Las imágenes me llegan, justamente, en los alrededores de la muerte de mi hermana América, quien a los cinco años cruzó la enorme frontera del Atlántico acompañada de unos padres que pensaron que aquí, en estas tierras de América, como su mismo nombre, encontrarían una vida mejor. Y entonces, por eso, por el contexto, las imágenes se tornan más dolorosas, incomprensibles y absurdas.
El absurdo, sin embargo, no es privativo de este lado del mundo, pues ejemplos de él, de la incomprensión humana, llegan a extremos como para pensar, y ejecutar, la construcción de campos de concentración fuera de las fronteras propias. De Estados Unidos a Venezuela, de Rusia a Argentina, pasando por Italia, el mundo vive una de sus peores crisis de humanidad y sentido común.
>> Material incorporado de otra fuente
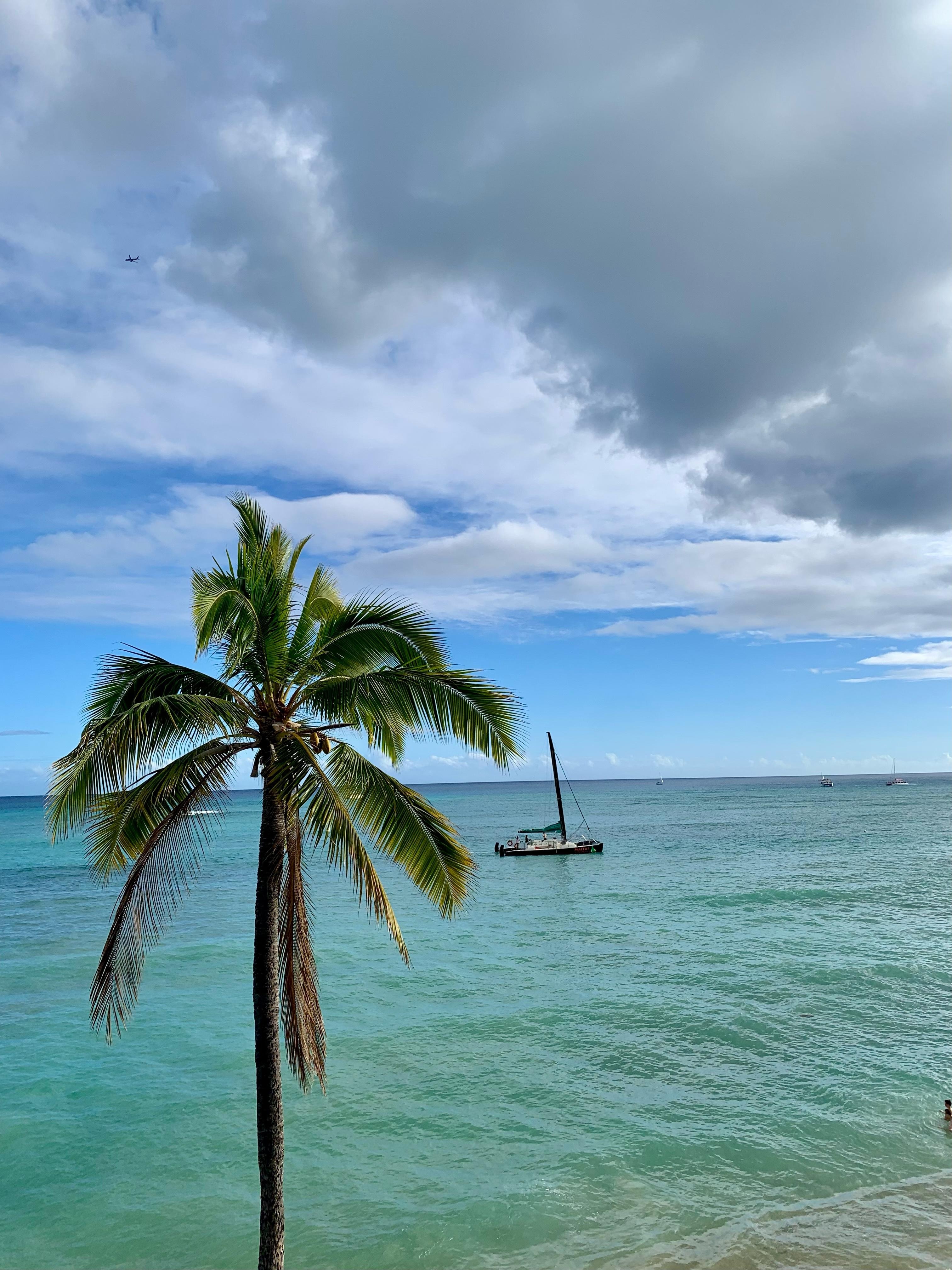 View from beachside of hotel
La foto famosa aquella de un niño de bruces en una playa, que tanta conmoción causó en su momento, parece haberse olvidado en las alas de un tiempo que vuela sin memoria y sin corazón. La imagen de las familias que se reencuentran entre barrotes, apenas con la posibilidad de tocarse las manos y verse los ojos en el límite entre la tierra del pesar y la de la esperanza, es apenas un momento para rellenar los noticieros televisivos y pronto pasará de moda.
Y, por supuesto, aquí, en estos lares donde tantas familias sufren la ignominia de su origen, no estamos exentos de lo mismo, de casi idénticas demostraciones de odio y maldad, que van desde la vileza de encerrar y dejar morir calcinados a un grupo de migrantes, hasta el trato despectivo, indiferente a la necesidad de los extranjeros que, vaya que me consta, practican algunos servidores públicos (es un decir) del Instituto Nacional de Migración.
El mundo, y como digo, no somos la excepción, vive una calamidad humanitaria inusitada y cruel, y todos algo tenemos que hacer al respecto antes de que nos digan, o nos convenzan, porque también se da el caso, de que el encadenarnos de pies y manos, cazarnos como ratas o mantenernos en campos de concentración de altísi-mos muros, es por el bien de los buenos de la historia.